Machine Gun Preacher
When we first heard the title and saw the poster for Machine Gun Preacher, we figured it was another one of those fake-grindhouse-trailers-turned-movies, like Hobo with a Shotgun and Machete. But nope, it’s a real, and serious movie — just one that’s got itself an utterly laughable title. That title pretty much sinks the trailer, which works just fine until it appears; sure, the picture looks formulaic as hell, but there are some good actors in it, and Marc Forster is a fine director, inspiring true story, so on. But in the midst of all that divine music and stirring rhetoric, there it is: “Machine Gun Preacher”. We’ve not yet seen this trailer with an audience, but we’re betting on audience giggles to match the Devil trailer last summer.
The Family Tree
The cast is promising here (Hope Davis, Christina Hendricks, Selma Blair, Chi McBride, Dermot Mulrooney), and we’re all for a good old-fashioned raunchy sex comedy. But there’s a slight whiff of desperation to this trailer, a bit of flop sweat in its assurances that it is, in fact, ribald and dizzy and funny and charming.

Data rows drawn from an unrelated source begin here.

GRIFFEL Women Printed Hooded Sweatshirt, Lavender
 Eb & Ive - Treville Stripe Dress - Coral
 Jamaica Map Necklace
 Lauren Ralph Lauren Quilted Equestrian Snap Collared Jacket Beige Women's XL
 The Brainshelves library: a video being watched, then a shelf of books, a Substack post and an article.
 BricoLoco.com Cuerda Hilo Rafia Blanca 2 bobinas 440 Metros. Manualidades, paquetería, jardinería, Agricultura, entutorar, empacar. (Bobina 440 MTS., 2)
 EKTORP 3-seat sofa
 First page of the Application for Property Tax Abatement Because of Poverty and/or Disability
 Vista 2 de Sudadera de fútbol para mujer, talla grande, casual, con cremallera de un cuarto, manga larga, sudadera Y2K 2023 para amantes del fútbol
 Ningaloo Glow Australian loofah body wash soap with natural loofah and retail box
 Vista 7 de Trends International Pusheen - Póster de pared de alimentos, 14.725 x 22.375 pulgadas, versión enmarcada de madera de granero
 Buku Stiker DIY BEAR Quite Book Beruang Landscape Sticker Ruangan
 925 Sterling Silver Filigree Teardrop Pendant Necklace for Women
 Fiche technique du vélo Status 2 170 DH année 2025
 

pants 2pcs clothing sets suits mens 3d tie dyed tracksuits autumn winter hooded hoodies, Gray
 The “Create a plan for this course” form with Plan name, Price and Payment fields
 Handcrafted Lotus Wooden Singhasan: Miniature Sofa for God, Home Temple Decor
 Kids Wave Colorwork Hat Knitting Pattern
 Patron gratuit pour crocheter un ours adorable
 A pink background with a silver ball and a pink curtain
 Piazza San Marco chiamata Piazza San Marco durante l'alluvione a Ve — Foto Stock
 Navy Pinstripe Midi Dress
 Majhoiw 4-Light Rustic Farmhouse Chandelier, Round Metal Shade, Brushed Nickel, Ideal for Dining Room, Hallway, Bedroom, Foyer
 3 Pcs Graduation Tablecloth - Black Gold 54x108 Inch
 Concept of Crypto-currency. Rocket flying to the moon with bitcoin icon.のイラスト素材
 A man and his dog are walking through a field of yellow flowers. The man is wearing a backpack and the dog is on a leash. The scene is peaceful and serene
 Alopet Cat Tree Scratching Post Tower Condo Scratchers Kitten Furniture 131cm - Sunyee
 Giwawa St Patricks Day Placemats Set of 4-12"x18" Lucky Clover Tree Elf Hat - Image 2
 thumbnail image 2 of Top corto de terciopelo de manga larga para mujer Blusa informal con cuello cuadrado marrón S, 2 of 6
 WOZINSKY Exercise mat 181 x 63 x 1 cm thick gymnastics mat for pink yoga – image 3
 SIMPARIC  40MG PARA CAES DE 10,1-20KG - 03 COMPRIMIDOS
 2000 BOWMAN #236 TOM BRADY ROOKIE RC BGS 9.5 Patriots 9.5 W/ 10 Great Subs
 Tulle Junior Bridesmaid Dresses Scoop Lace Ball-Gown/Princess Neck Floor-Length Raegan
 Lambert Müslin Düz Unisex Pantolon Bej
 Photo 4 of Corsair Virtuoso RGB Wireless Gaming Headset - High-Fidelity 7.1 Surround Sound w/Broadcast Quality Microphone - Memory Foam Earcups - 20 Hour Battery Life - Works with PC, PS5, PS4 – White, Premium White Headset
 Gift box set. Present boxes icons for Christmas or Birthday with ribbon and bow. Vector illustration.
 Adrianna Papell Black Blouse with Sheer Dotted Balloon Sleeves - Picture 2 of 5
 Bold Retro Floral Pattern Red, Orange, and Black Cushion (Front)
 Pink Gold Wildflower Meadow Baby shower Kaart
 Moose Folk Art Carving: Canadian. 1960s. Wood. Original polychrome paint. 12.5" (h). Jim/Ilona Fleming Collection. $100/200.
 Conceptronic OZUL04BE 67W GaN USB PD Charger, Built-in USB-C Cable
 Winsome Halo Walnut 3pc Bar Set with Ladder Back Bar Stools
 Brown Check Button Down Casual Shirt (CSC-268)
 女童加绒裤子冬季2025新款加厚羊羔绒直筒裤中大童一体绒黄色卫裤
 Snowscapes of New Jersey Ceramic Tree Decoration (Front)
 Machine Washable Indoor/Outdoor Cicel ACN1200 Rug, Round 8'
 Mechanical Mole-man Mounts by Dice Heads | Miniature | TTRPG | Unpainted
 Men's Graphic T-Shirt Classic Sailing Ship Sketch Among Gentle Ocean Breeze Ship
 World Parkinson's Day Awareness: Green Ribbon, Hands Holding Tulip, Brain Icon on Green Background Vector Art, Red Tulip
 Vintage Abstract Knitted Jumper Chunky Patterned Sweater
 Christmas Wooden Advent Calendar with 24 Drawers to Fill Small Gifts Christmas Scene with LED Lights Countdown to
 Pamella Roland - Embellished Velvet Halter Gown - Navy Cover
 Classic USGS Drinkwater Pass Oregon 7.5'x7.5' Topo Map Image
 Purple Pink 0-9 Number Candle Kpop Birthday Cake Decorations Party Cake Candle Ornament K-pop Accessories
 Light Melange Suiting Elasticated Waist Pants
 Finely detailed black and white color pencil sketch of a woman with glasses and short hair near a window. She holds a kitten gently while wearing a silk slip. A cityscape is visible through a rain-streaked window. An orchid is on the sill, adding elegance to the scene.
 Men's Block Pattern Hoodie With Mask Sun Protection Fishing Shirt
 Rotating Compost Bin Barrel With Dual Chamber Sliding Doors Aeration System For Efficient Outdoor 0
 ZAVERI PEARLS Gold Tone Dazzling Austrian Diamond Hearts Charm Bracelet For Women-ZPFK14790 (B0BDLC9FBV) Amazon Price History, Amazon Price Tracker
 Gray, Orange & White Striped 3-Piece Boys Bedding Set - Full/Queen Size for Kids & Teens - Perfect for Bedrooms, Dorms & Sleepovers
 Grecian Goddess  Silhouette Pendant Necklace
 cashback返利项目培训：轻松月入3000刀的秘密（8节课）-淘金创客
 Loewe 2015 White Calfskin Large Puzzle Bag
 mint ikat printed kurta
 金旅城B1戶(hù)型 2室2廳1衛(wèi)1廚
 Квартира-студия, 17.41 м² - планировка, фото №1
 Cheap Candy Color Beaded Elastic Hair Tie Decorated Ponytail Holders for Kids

The trailer tries a little too hard; we’ll have to see if the movie does too.
The Lady
Back in the early ‘90s, Luc Besson was one of our most promising directors — his La Femme Nikita and Leon (aka The Professional) were tense, thrilling shoot-‘em-ups backed with genuine emotion and skilled performances. Then came the trashy (but, let’s admit it, fun) The Fifth Element, which was followed by his Joan of Arc movie The Messenger — a flop with audiences and critics alike that pushed him to concentrate mostly on writing and producing rather dopey action franchises like The Transporter and D13. But he has occasionally returned to the director’s chair (mostly for animated films), so the notion of him tackling a big and potentially controversial epic like this one is exciting. The short teaser doesn’t tell you much except “hey, Luc Besson directed this big epic starring Michelle Yeoh.” But that’s enough for us.
Blackthorn
Mateo Gil’s “what if” Western (what if Butch Cassidy and the Sundance Kid weren’t killed in that famous shoot-out with the Bolivian cavalry, and Butch went into hiding in Bolivia?) was one of our favorites at this year’s Tribeca Film Festival; it’s a Spanish production with an international cast, touches of artsiness, and a low-budget offhandedness, but more than anything, it’s a good old-fashioned dusty B oater. And more power to it for that. The thrilling new trailer plays its two most marketable elements (the Western action and Sam Shepard’s grizzled, weary performance), while keeping a lid on the picture’s emotional and psychological subtext.
The Rum Diary
Johnny Depp’s second turn at playing an alter ego of Hunter S. Thompson — third if you count that animated cameo in Rango — is based on an early Thompson novel (written in the early ’60s, though not published until 1998), which would presumably make it a prequel rather than a sequel to Terry Gilliam’s film version of Fear and Loathing in Las Vegas. Screenwriter/director Bruce Robinson (Withnail & I) doesn’t appear to be going for quite the same level of surrealism as Gilliam, which might be wise (a little of that goes a long way), and while some of the humor in the trailer is awfully childish, there are some good laughs in it (“Are they not complimentary?”). Depp was an outstanding Thompson double in Fear & Loathing, and became friends with the genuine article during the last years of his life, so we’re intrigued to see what he’ll do with this early work.
Martha Marcy May Marlene
Sean Durkin’s Sundance hit has been generating Oscar buzz, pretty much since its first screening, for leading lady Elizabeth Olsen (who is, for the time anyway, not quite as well known as her sisters. They’re twins). Based on this short trailer, we don’t know much about the movie — other than that it looks strange, and creepy, and unsettling, and we want to see it.
Weekend
This acclaimed SXSW favorite from writer/director Andrew Haigh appears, from this teaser, to be just as warm, intimate, and matter-of-fact as advance word has suggested. The lead performances (by newcomers Tom Cullen and Chris New) are naturalistic; the cinematography, while handsome, appears to match their low-key, low-fi approach. Mark us down for this one.
Carnage
Roman Polanski is at the helm of this adaptation of Yasmina Reza’s award-winning play God of Carnage, and while we’re not sure why didn’t use any of the Broadway production’s movie-friendly cast (James Gandolfini, Jeff Daniels, Marcia Gay Harden, Hope Davis), the ensemble of Jodie Foster, Kate Winslet, Christoph Waltz, and John C. Reilly is nothing to sneeze at. And unlike the blunt four-person drama it closely resembles (Who’s Afraid of Virginia Woolf), Polanski appears to have resisted the temptation to “open up” the play, instead placing his characters in the production’s single location and squeezing it like a vice. Good cast, good script, good director. We’re all in.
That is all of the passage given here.